Underscoring each experience is his conviction that neither American nor Cuban is a tourist. “Cuba’s background is like ours; every ethnic group imaginable is there. We are all children of people who came to this hemisphere looking for a better life.”
Exceptions to the sanctions, of all kinds, are designed to improve the lives of citizens. OFAC has issued general licenses to increase access to education while sanctions deprive the Syrian regime of resources. Under General License Number 11A, medical doctor Mahmud Angrini, who lost his house and his lab before the uprisings began in 2011, has been able to enroll in free courses from top universities offered online through Coursera.
“Someday, the war will end, and we will come back to our homes and our former lives to contribute to the reconstruction process in our country. To do so, we need to learn new skills,” said Angrini in a blog post. As the civil war has raged on, he has taken 25 classes.
Could a wrestling match, a dance or online courses thaw relations between countries? Not necessarily, but people’s common interests and goals can transcend politics.
At the train station, before the referee blew the start whistle, the eyes of the Iranian wrestlers met those of their American counterparts. Each had run at sunrise, trained and stuck to a strict diet to be good enough to compete that day.

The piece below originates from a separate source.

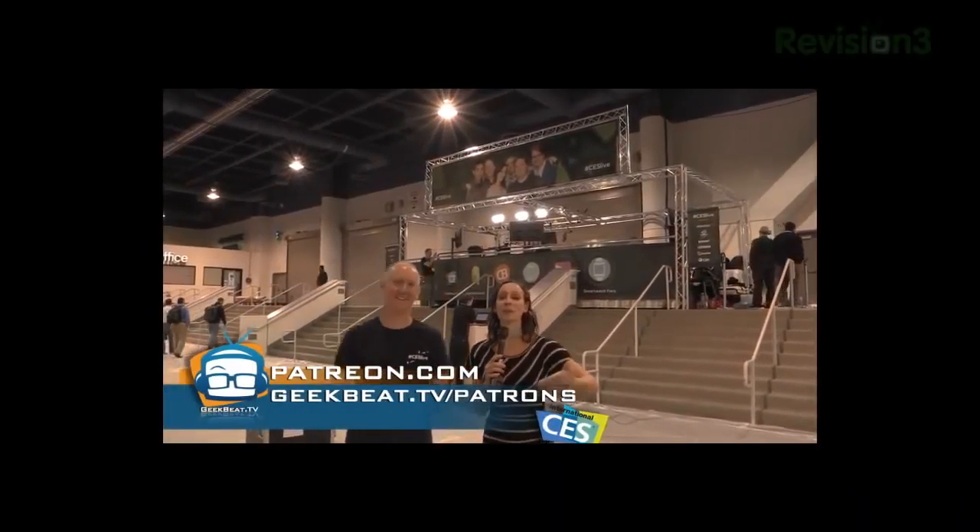Thanks so much for watching — we hope you're enjoying all of our CES coverage. It costs a lot to make all of this happen, so for those of you with a couple of spare bucks a month, we'd love it if you'd join us as a patron. Go to geekbeat.tv/patrons — there are different pledge levels starting at a dollar or five dollars, and you get a geek badge and all sorts of goodies the higher up you go. Every penny counts. Even 25 cents a month helps. Thank you guys so much — if you enjoy what we're doing, please consider supporting us.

Iranian, American, Muslim, Christian — it didn’t matter. They were all just wrestlers. Together, they raised $1.4 million for urban children and helped preserve wrestling’s place in the Olympic Games.
Iran beat the U.S. 6–1. But nobody felt like they lost.
When the United States imposes sanctions against countries, it often calibrates them to a specific sector or individual to minimize any harmful effects on civilian life. Licenses help ease the pain — the most essential include pharmaceuticals, medicine and natural disaster relief. For example, to help victims of earthquakes in Iran in 1997, 2002 and 2003, the U.S. donated more than $6 million.
In South Sudan, where the U.S. government has imposed financial sanctions against two individuals on opposite sides of the conflict, it provides humanitarian assistance that will exceed $434 million in 2014. The assistance helps meet immediate food needs, including nutritional supplements for children, and addresses chronic food shortages by providing tools and training for farmers.
In today’s tech world, OFAC issues licenses to spur the free flow of information. Some licenses allow American companies to offer laptops, smartphones, tablets and other Internet software in Iran, resulting in both Google and Apple unblocking their app stores inside the country. Similarly, the Department of Commerce’s Bureau of Industry and Security issues licenses for the export of items such as mobile phones for use by the Syrian and Cuban people.
Getting a License
U.S. companies and individuals are able to apply to the departments of Commerce and Treasury for a license to export goods or engage in an activity that would otherwise be sanctionable. The U.S. also issues general licenses in some cases to allow a broad category of activity to occur, such as the sale of food and medicine in a country. Each application is reviewed on a case-by-case basis, and the response takes into account how the proposed activity fits in with U.S. foreign policy goals.